The Trinity and the New Atheists
/What in the world does the Trinity have to do with engaging someone who rejects Christianity? Okay, I have to admit that thought never crossed my mind until I read Reeves’ book. In chapter 5 he talks about the “New Atheism” and references Christopher Hitchens. I was personally fond of Hitchens. I was drawn to his utter honesty about God. Hitchens and others moved past denying God’s existence to arguing that the existence of God would be a very bad thing. They were not atheists but “antitheists.” It’s like the movie "Spinal Tap" with the amp turned up to eleven!
Reeves quotes Hitchens from his book, God is Not Great:
I think it would be rather awful if it was true. If there was a permanent, total, round-the clock divine supervision and invigilation of everything you did, you would never have a waking moment or sleeping moment when you weren’t being watched and controlled and supervised by some celestial entity from the moment of your conception to the moment of your death…It would be like living in North Korea. (p.108)
In response, Reeves makes a case for the existence of God by actually agreeing with Hitchens:
For Hitchens, God is the Ruler, and so must by definition be a Stalin-in-the-sky, a Big Brother. And who in their right mind would ever want such a being to exist? In other words, the antitheist’s problem is not so much with the existence of God as with the character of God. He will write and fight against the existence of God because he is repelled by the thought of that sort of being. That God is not great.
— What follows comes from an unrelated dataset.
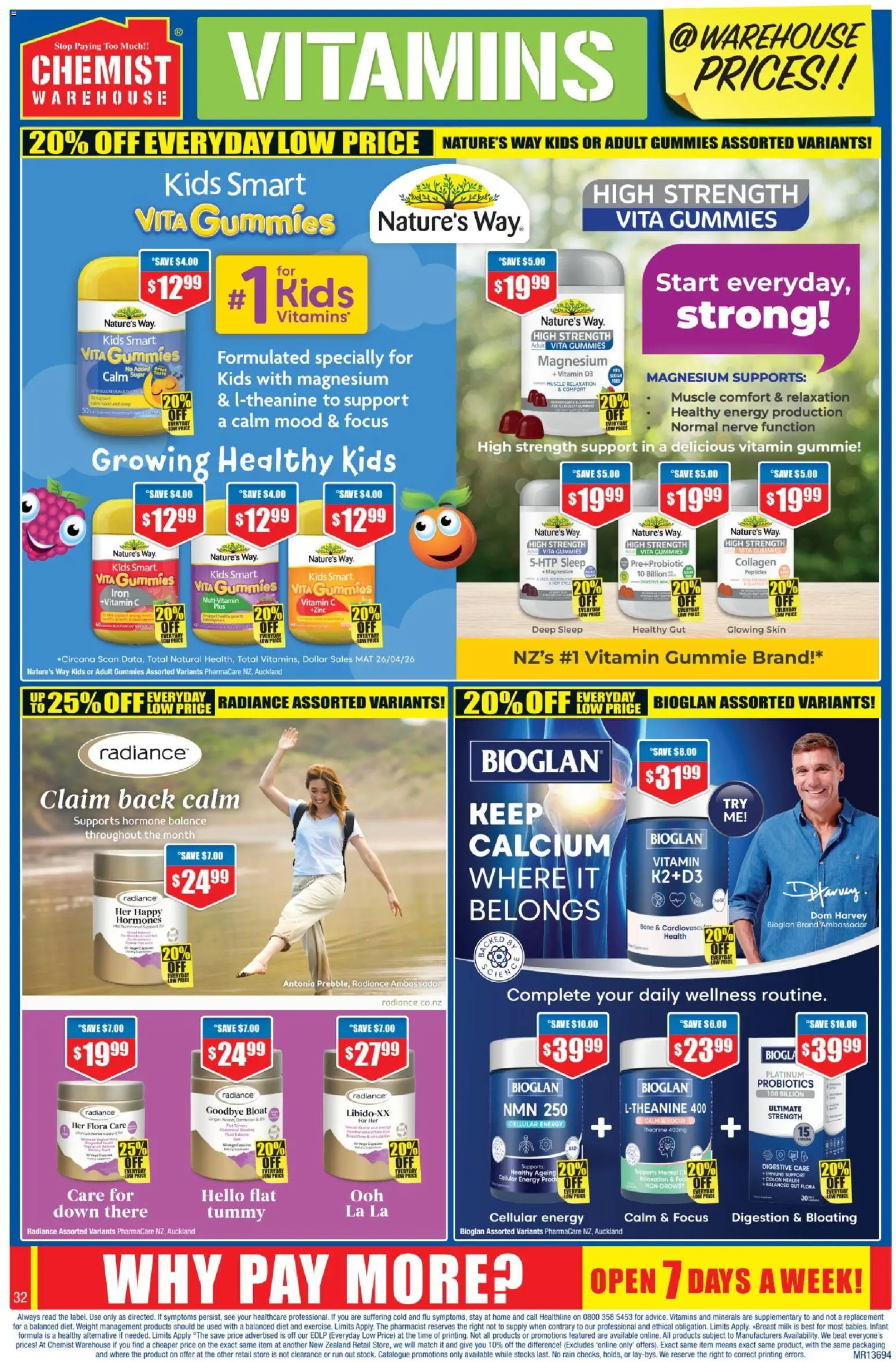 Chemist Warehouse catalogue from 20 Aug 2026 | Page: 32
But the triune God is not that God. Hitchens, clearly, had it in his head that God is fundamentally The Ruler, The One in Charge, characterized by “supervision and invigilation.” The picture changes entirely, though, if God is fundamentally the most kind and loving Father, and only ever exercises his rule as who he is—as a Father. In that case, living under his roof is not like living in North Korea at all, but like living in the household of the sort of caring father Hitchens himself wished for. (p. 109)
As Reeves later goes on to write, most people who reject God are like Hitchens. They rightly reject an image of God that is not rooted in Scripture. I would imagine that there are many professing Christians, too, who struggle to love God and trust him in their daily lives. They have shifted their understanding from God being a loving Father who oversees and cares for them to a Ruler who is playing capricious games with their lives.
I am reading my Bible a bit differently these days. I am thankful that God is my Father!